> [Work instruction]
Among the entries below, one stretch runs from the line that contains "Good Cup Kraft 12oz Ctn 1000" through the line that contains "Foto 1 de Casa". Repeat that stretch exactly, ends included, and only that.

> [Data for processing]
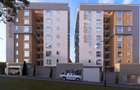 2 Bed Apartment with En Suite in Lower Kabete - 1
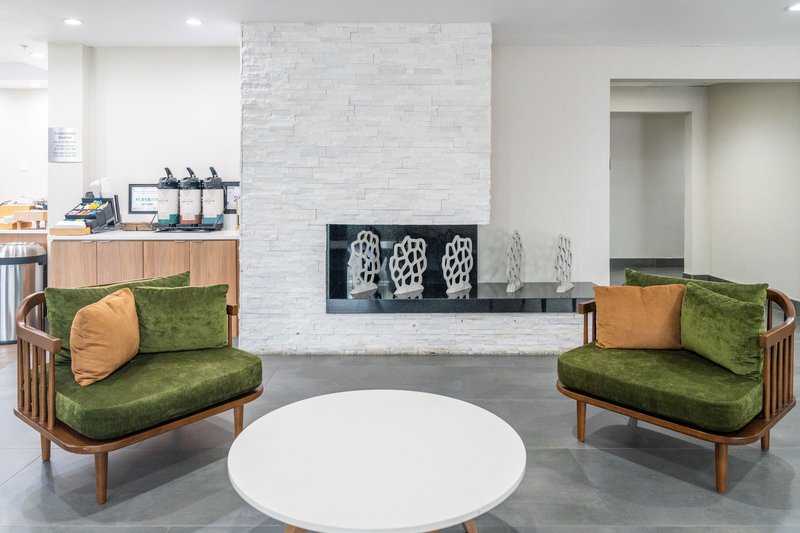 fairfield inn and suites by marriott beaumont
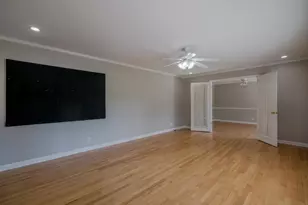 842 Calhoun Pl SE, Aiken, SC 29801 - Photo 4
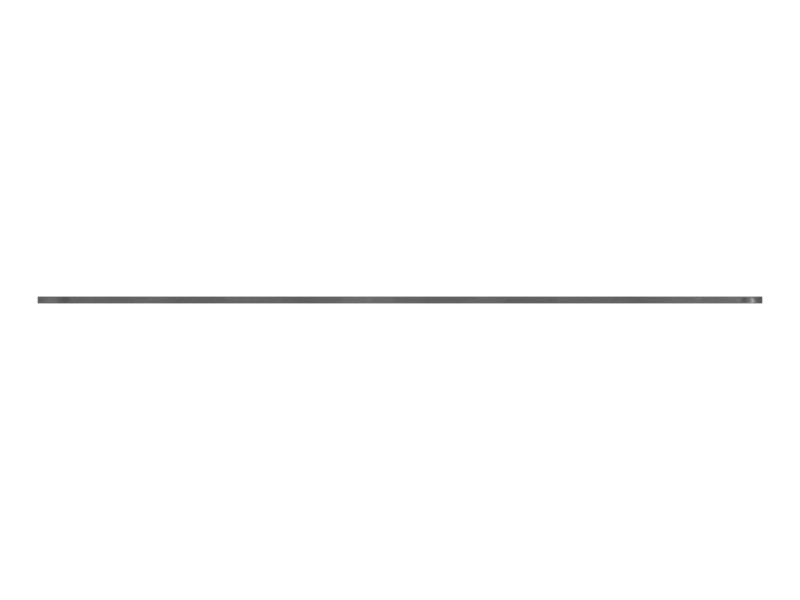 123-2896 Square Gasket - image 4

--

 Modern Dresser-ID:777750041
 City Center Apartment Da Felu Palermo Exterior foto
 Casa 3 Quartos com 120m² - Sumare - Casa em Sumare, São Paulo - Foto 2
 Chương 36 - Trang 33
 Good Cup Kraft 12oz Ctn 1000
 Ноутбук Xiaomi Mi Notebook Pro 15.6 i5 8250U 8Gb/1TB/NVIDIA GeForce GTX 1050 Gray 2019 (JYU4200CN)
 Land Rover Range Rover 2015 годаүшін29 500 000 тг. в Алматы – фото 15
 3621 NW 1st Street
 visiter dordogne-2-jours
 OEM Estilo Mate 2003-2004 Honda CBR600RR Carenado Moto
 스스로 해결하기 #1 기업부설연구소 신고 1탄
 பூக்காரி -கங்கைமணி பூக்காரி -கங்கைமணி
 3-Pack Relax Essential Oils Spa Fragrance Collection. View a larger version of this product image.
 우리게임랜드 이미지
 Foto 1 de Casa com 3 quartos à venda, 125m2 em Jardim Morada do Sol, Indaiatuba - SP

> [Answer box]
 Good Cup Kraft 12oz Ctn 1000
 Ноутбук Xiaomi Mi Notebook Pro 15.6 i5 8250U 8Gb/1TB/NVIDIA GeForce GTX 1050 Gray 2019 (JYU4200CN)
 Land Rover Range Rover 2015 годаүшін29 500 000 тг. в Алматы – фото 15
 3621 NW 1st Street
 visiter dordogne-2-jours
 OEM Estilo Mate 2003-2004 Honda CBR600RR Carenado Moto
 스스로 해결하기 #1 기업부설연구소 신고 1탄
 பூக்காரி -கங்கைமணி பூக்காரி -கங்கைமணி
 3-Pack Relax Essential Oils Spa Fragrance Collection. View a larger version of this product image.
 우리게임랜드 이미지
 Foto 1 de Casa com 3 quartos à venda, 125m2 em Jardim Morada do Sol, Indaiatuba - SP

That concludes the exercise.